Administrative Science Quarterly, 51 (2006), 560-589

Olav Sorenson, Susan McEvily, Charlotte Rongrong Ren, and Raja Roy

Although strategy research typically regards firm scope as a positional characteristic associated with performance differences, we propose that broad contemporary scope also provides insight into the routines that govern firm behavior. To attain broad scope, firms must repeatedly explore outside the boundaries of their current niche. Firms with broad niches therefore operate under a set of routines that repeatedly propel them into new market segments, expanding their niche. These niche expansions, however, involve risky organizational changes, behavior that disadvantages generalists relative to specialists, despite the positional value of broad scope. Empirical analyses of machine tool manufacturers and computer workstation manufacturers support this conjecture: (i) generalists introduce new products at a higher than optimal rate, thereby increasing their exit rates; and (ii) generalists also more frequently launch new models with novel features or targeted at new consumer segments rather than improving only incrementally on existing products, further accelerating their odds of failure. After adjusting for these behavioral differences, broad niche widths reduce exit rates, suggesting that they provide positional advantages. The paper discusses how this phenomenon may help to explain the diversification and multi-nationality discounts.
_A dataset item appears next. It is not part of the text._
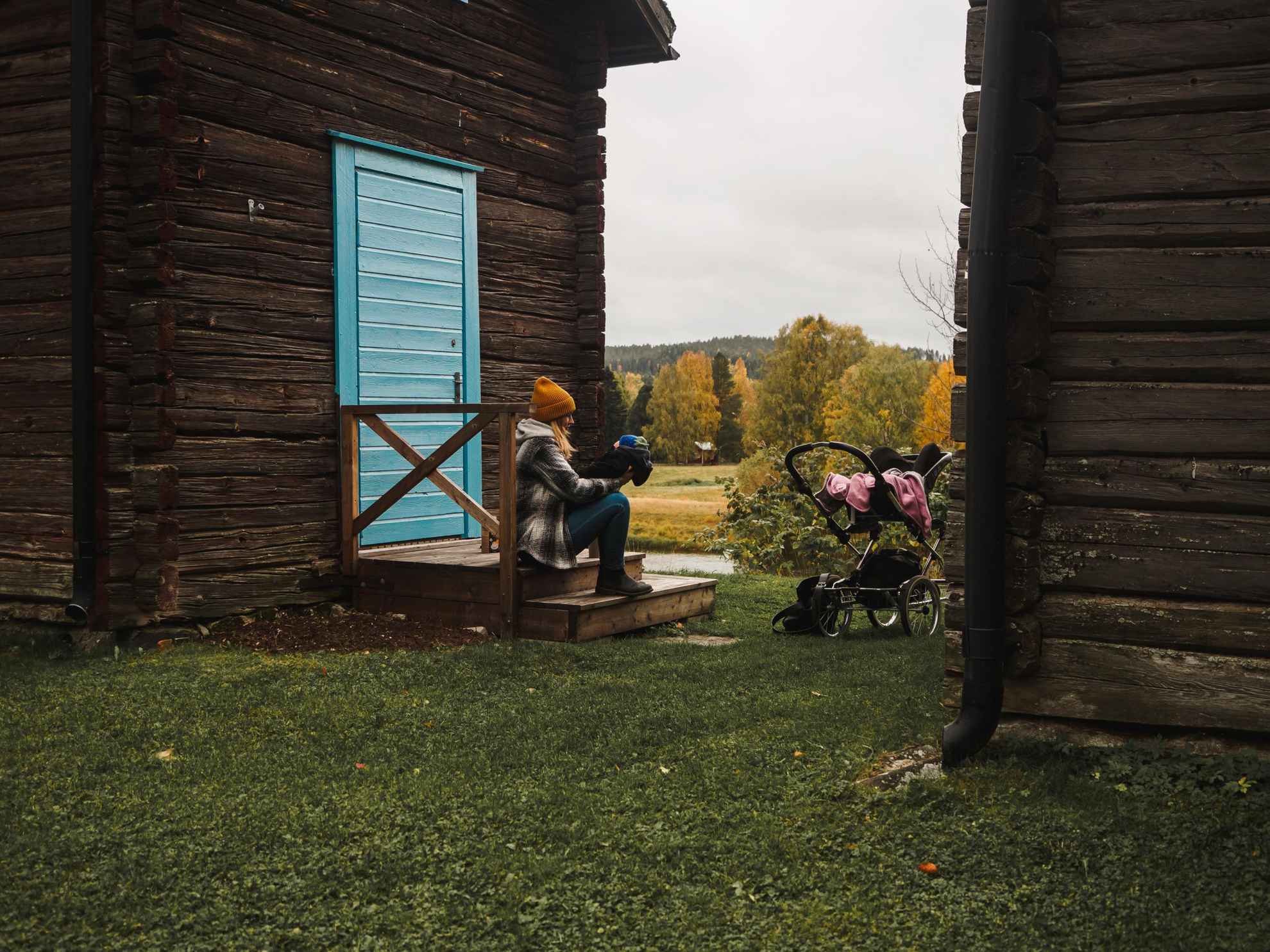 Une femme assise sur un porche en bois avec un bébé. Il y a une poussette à côté d'eux.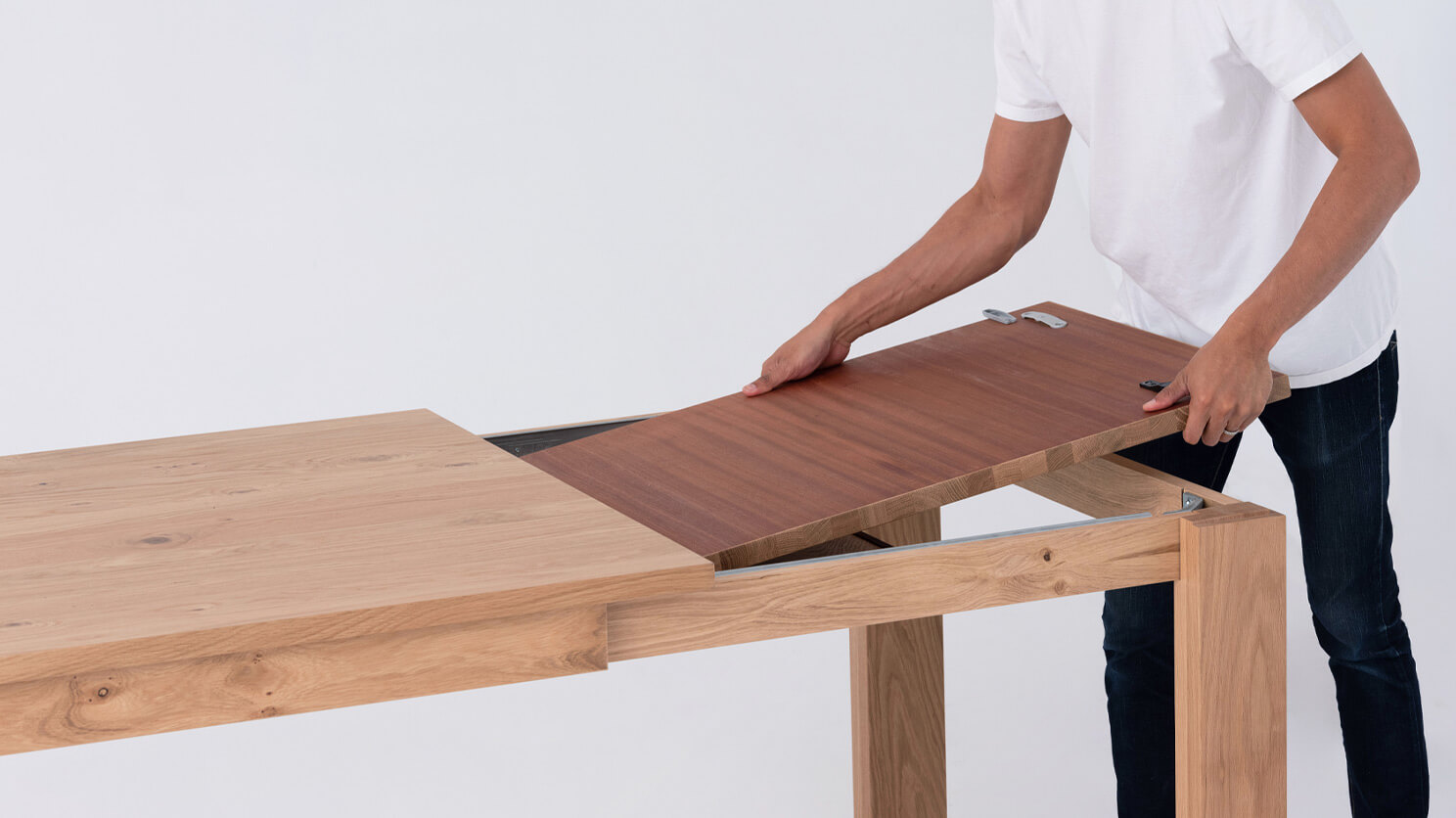 A man pulls out the leaf of the Bon solid wood dining table in oak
Strategic Management Journal, 27 (2006): 915-936

Link to workstation data at FIVE Project

Olav Sorenson, Jan W. Rivkin, and Lee Fleming

Because knowledge plays an important role in the creation of wealth, economic actors often wish to skew the flow of knowledge in their favor. We ask, when will an actor socially close to the source of some knowledge have the greatest advantage over distant actors in receiving and building on the knowledge? Marrying a social network perspective with a view of knowledge transfer as a search process, we argue that the value of social proximity to the knowledge source depends crucially on the nature of the knowledge at hand. Simple knowledge diffuses equally to close and distant actors because distant recipients with poor connections to the source of the knowledge can compensate for their limited access by means of unaided local search. Complex knowledge resists diffusion even within the social circles in which it originated. With knowledge of moderate complexity, however, high-fidelity transmission along social networks combined with local search allows socially proximate recipients to receive and extend knowledge generated elsewhere, while interdependencies stymie more distant recipients who rely heavily on unaided search. To test this hypothesis, we examine patent data and compare citation rates across proximate and distant actors on three dimensions: (1) the inventor collaboration network; (2) firm membership; and (3) geography. We find robust support for the proposition that socially proximate actors have the greatest advantage over distant actors for knowledge of moderate complexity. We discuss the implications of our findings for the distribution of intra-industry profits, the geographic agglomeration of industries, the design of social networks within firms, and the modularization of technologies.

Research Policy, 35 (2006): 994-1017

Giacomo Negro and Olav Sorenson

We investigate the competitive consequence of vertical integration on organizational performance using a comprehensive dataset of U.S. motion picture production companies, which includes information on their vertical scope and competitive overlaps. Vertical integration appears to change the dynamics of competition in two ways: (i) it buffers the vertically integrated firms from environmental dependence and (ii) it intensifies competition among non-integrated organizations. In contrast to the existing literature, our results suggest that vertical integration has implications well beyond both the level of the individual transaction and even the internal efficiency of the integrated firm.